[MATERIAL FOR THIS TASK Boundary: Start]

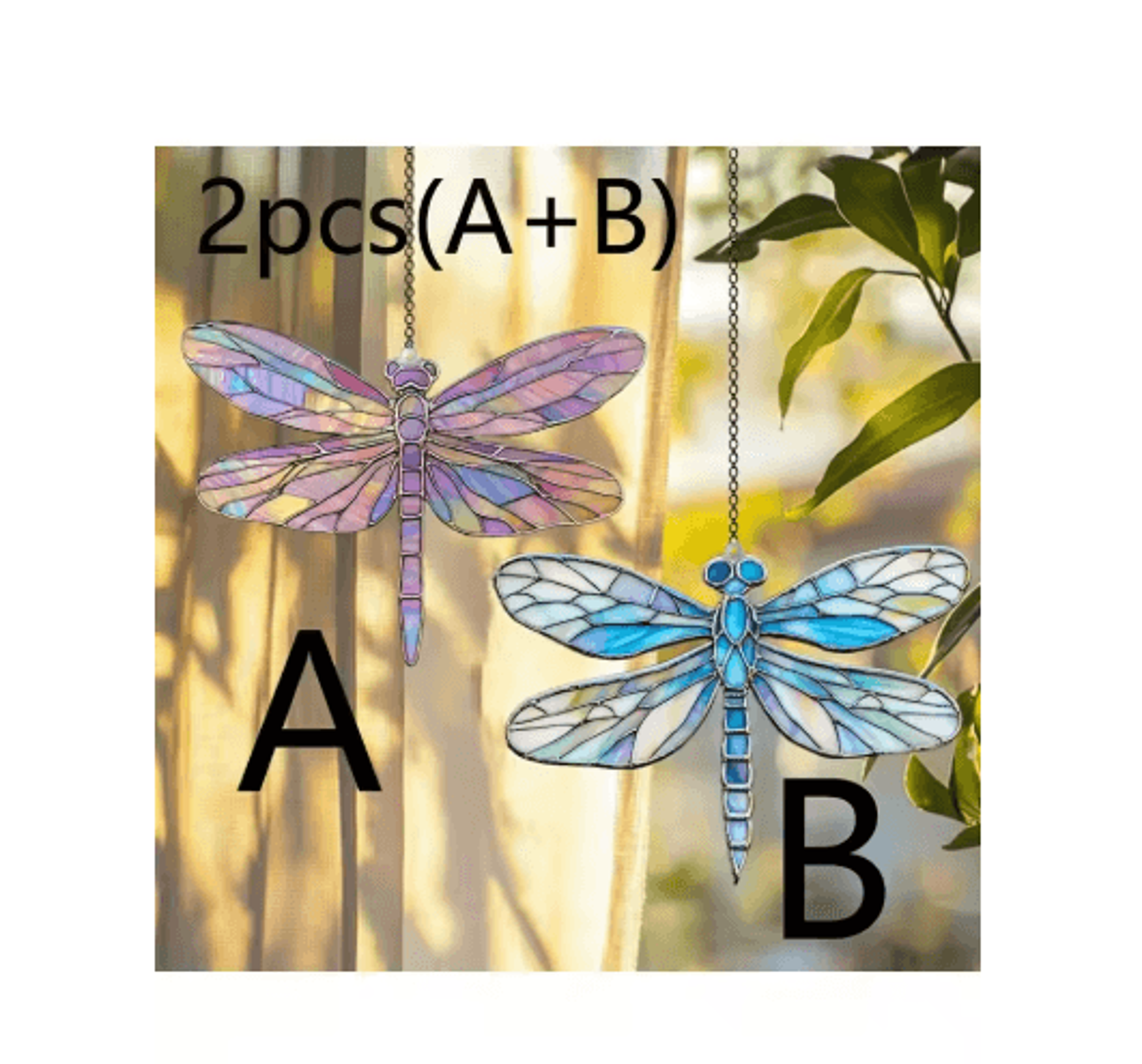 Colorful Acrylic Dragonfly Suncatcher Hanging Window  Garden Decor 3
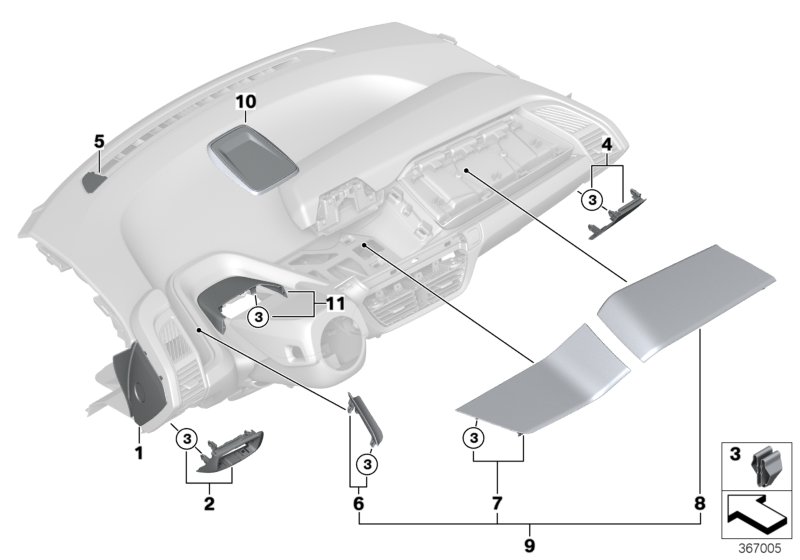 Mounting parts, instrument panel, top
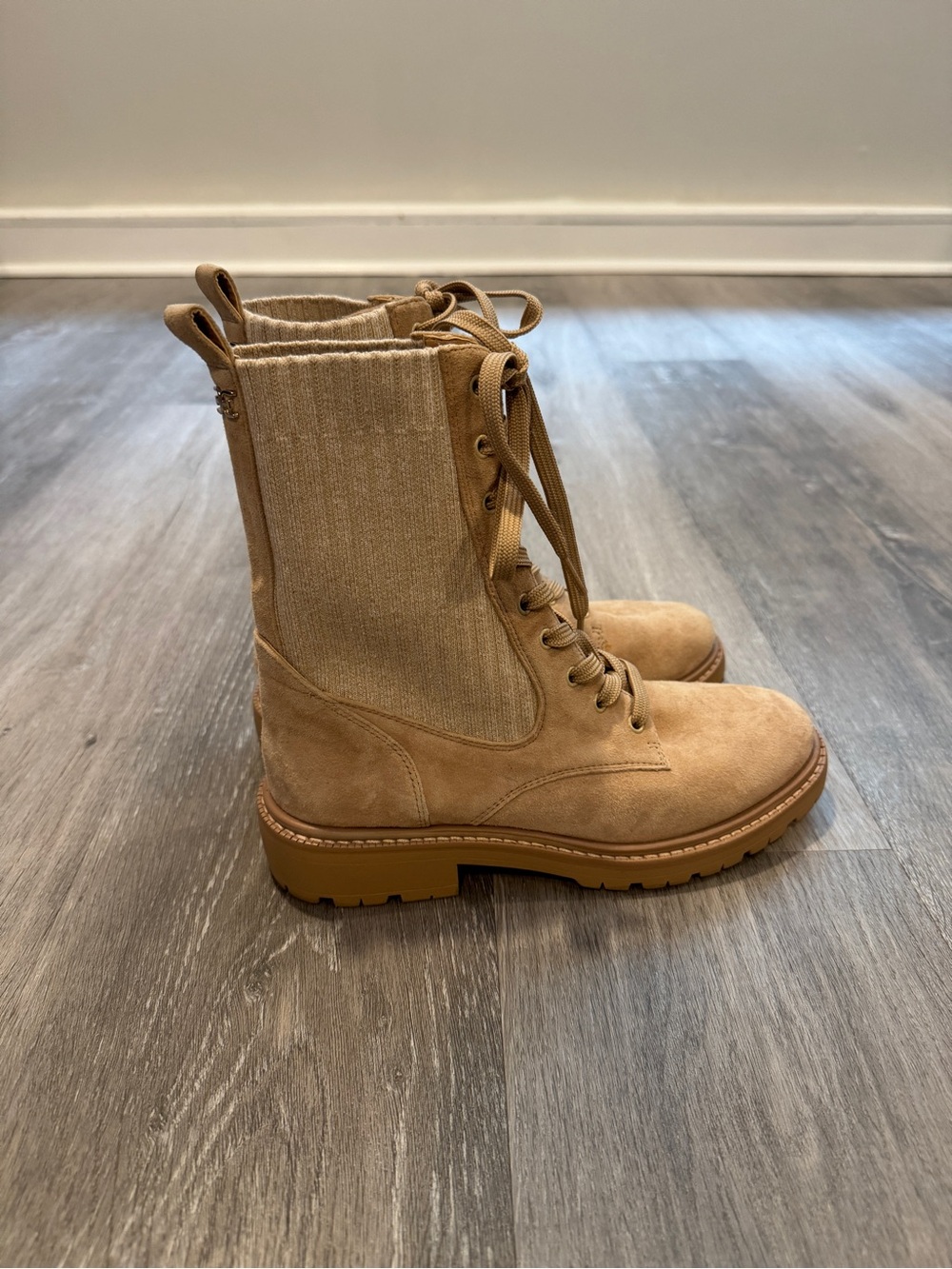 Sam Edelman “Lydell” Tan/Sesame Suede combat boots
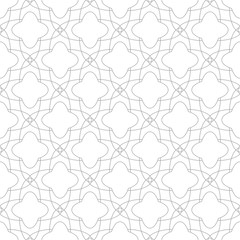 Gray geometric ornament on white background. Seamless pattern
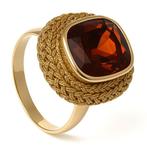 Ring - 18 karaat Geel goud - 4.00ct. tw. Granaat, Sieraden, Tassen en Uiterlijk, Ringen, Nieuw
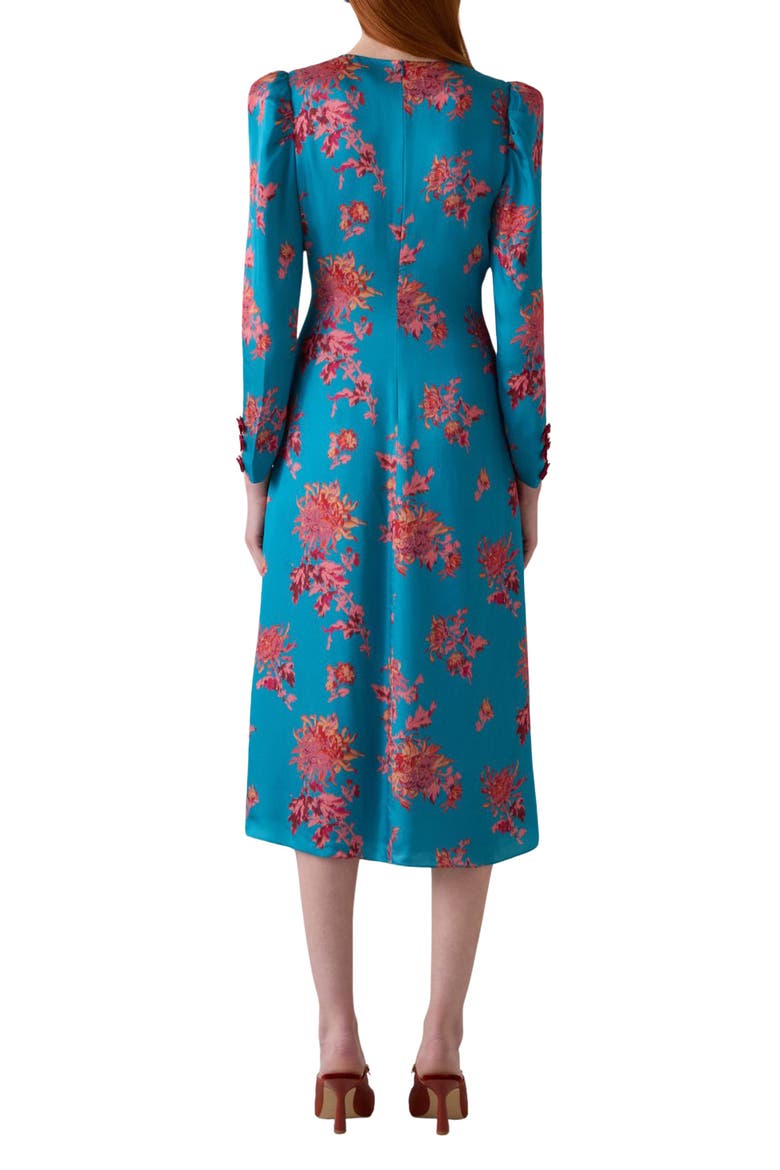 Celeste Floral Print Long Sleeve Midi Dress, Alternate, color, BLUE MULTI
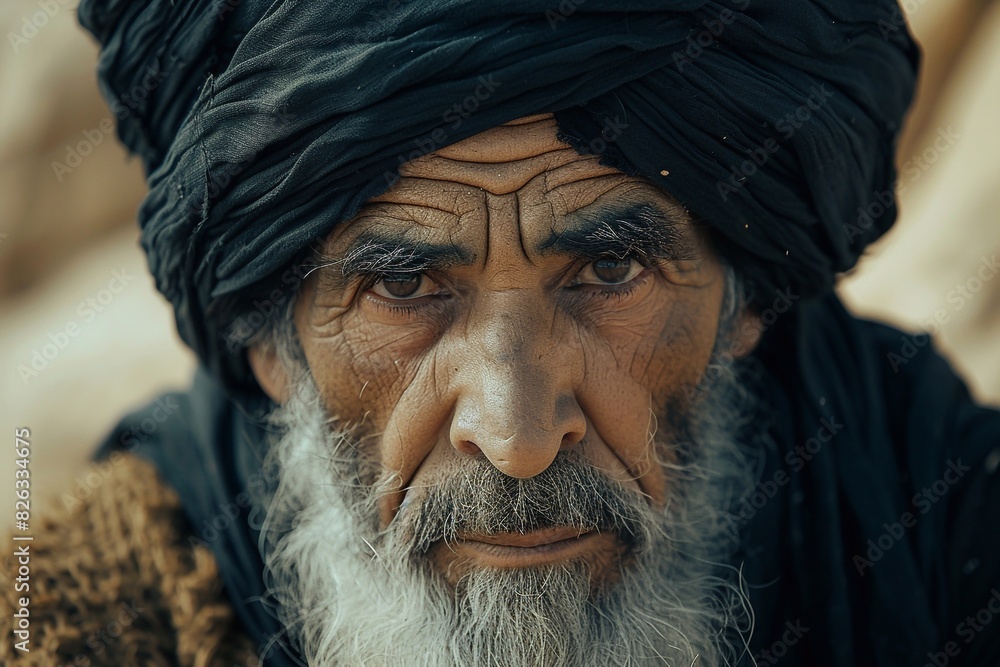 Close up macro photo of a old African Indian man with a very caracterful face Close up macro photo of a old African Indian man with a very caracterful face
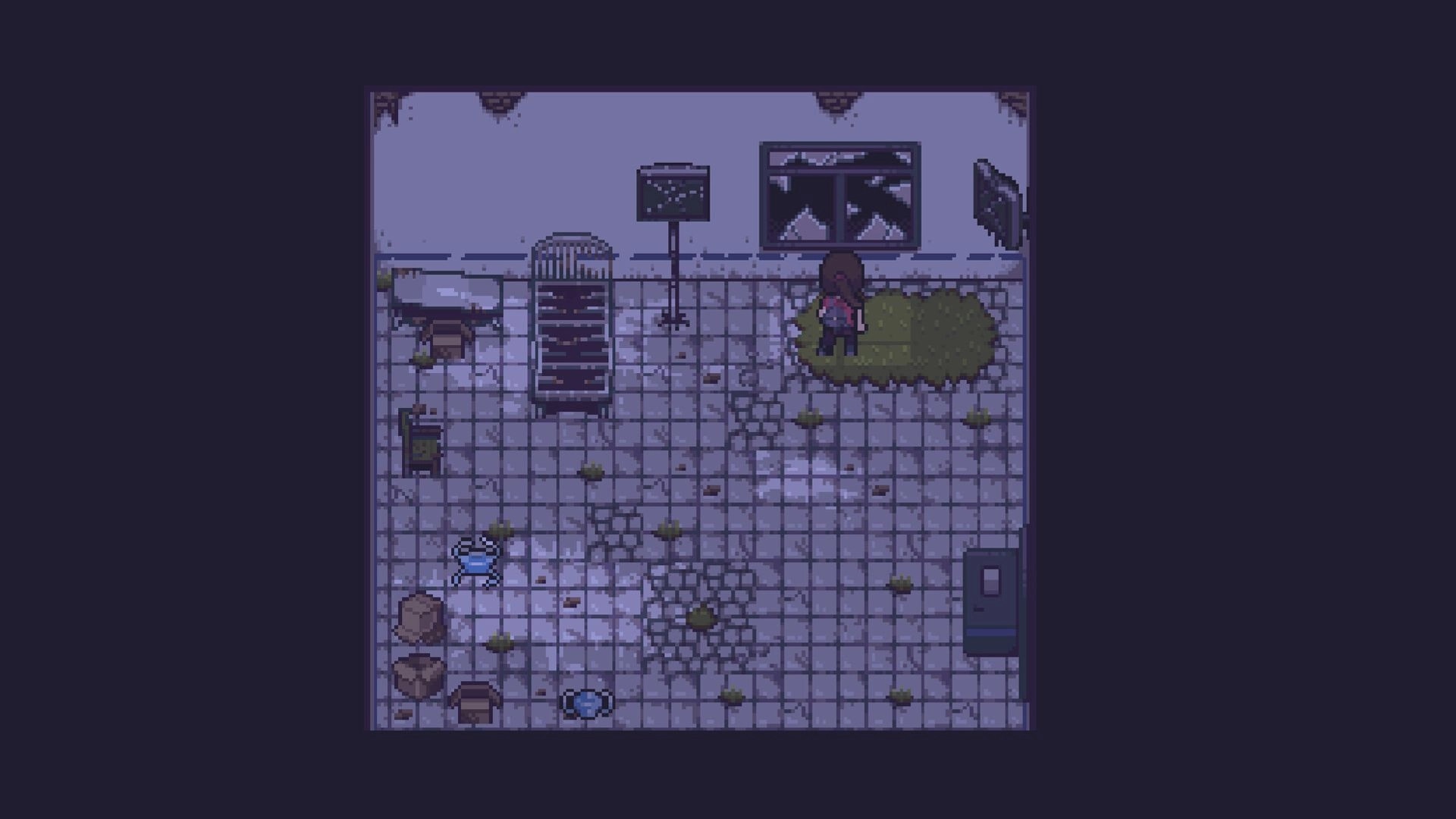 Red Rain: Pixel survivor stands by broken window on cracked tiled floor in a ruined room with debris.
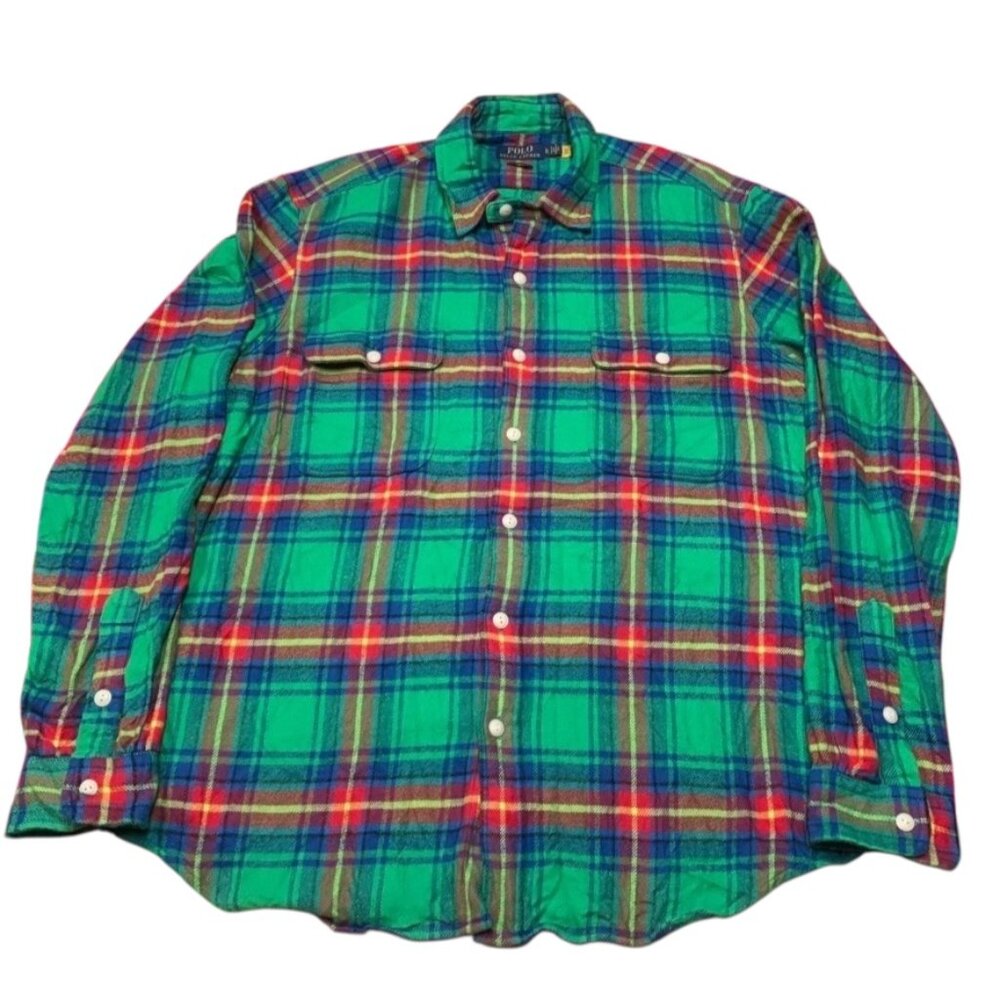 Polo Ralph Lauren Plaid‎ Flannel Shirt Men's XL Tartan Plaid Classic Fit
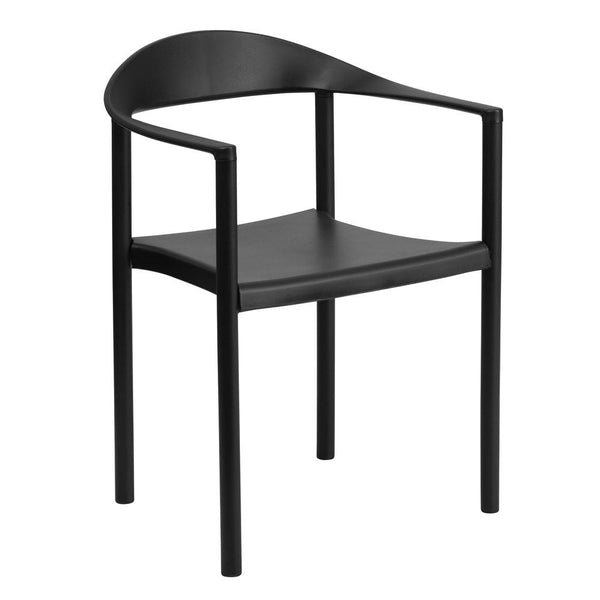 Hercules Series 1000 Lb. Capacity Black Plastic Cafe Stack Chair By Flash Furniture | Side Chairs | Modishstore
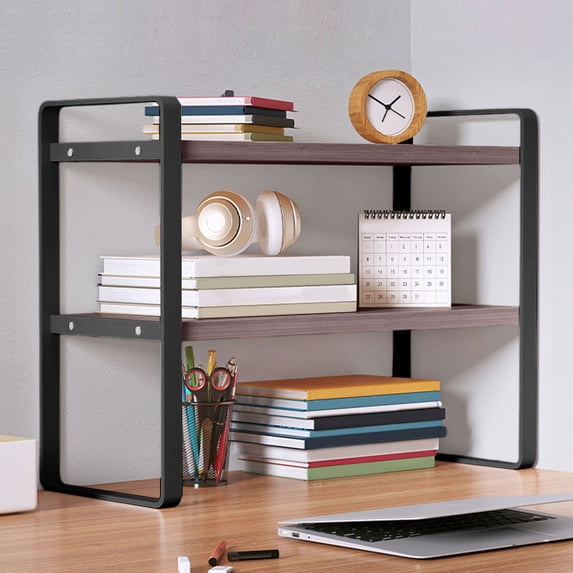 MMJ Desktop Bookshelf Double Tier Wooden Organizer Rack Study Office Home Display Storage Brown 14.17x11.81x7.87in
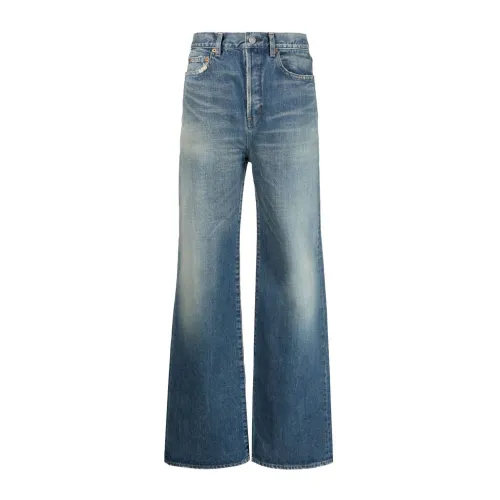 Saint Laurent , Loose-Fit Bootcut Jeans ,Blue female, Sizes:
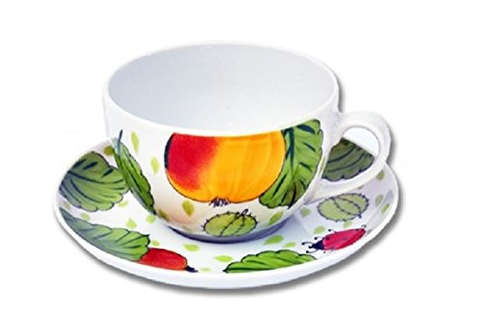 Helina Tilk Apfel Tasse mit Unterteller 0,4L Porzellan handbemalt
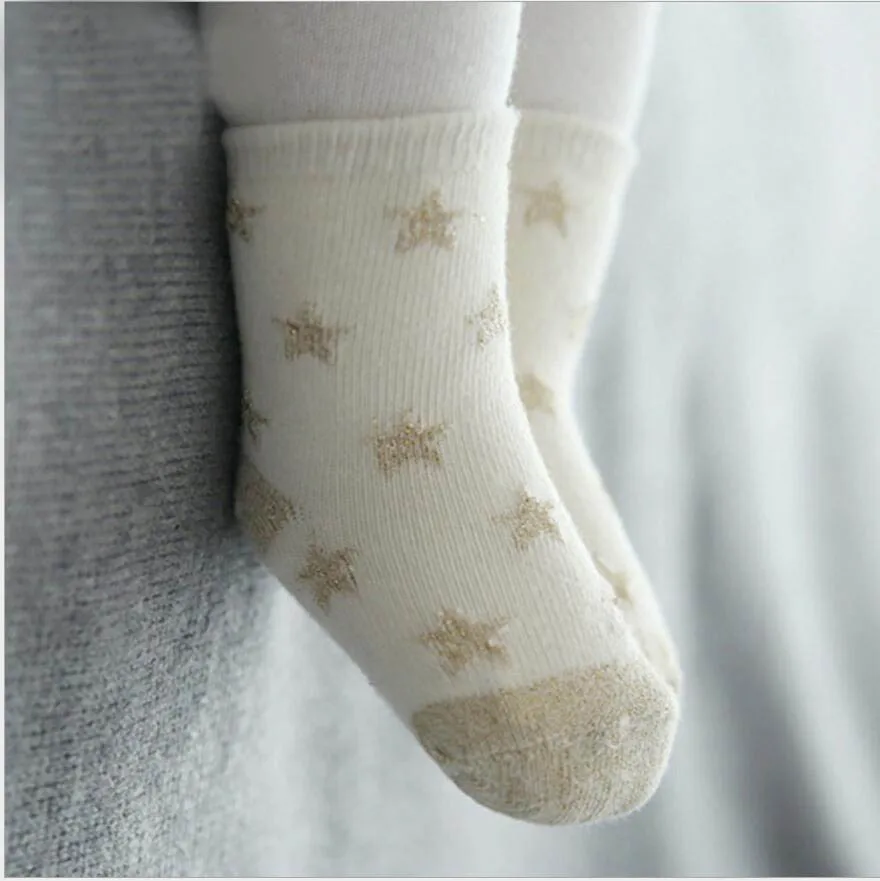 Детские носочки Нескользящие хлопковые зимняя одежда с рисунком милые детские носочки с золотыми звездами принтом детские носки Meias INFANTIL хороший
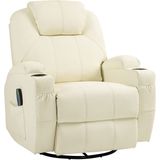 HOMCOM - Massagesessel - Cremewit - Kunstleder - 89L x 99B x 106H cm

[MATERIAL FOR THIS TASK Boundary: End]

▶ **WHAT IS NEEDED**: Transcribe exactly the lines from the one holding "Polo Ralph Lauren" through the final line of the material above, both ends included; any pictures should be dropped.

▶ **SOLUTION**:
 Polo Ralph Lauren Plaid‎ Flannel Shirt Men's XL Tartan Plaid Classic Fit
 Hercules Series 1000 Lb. Capacity Black Plastic Cafe Stack Chair By Flash Furniture | Side Chairs | Modishstore
 MMJ Desktop Bookshelf Double Tier Wooden Organizer Rack Study Office Home Display Storage Brown 14.17x11.81x7.87in
 Saint Laurent , Loose-Fit Bootcut Jeans ,Blue female, Sizes:
 Helina Tilk Apfel Tasse mit Unterteller 0,4L Porzellan handbemalt
 Детские носочки Нескользящие хлопковые зимняя одежда с рисунком милые детские носочки с золотыми звездами принтом детские носки Meias INFANTIL хороший
 HOMCOM - Massagesessel - Cremewit - Kunstleder - 89L x 99B x 106H cm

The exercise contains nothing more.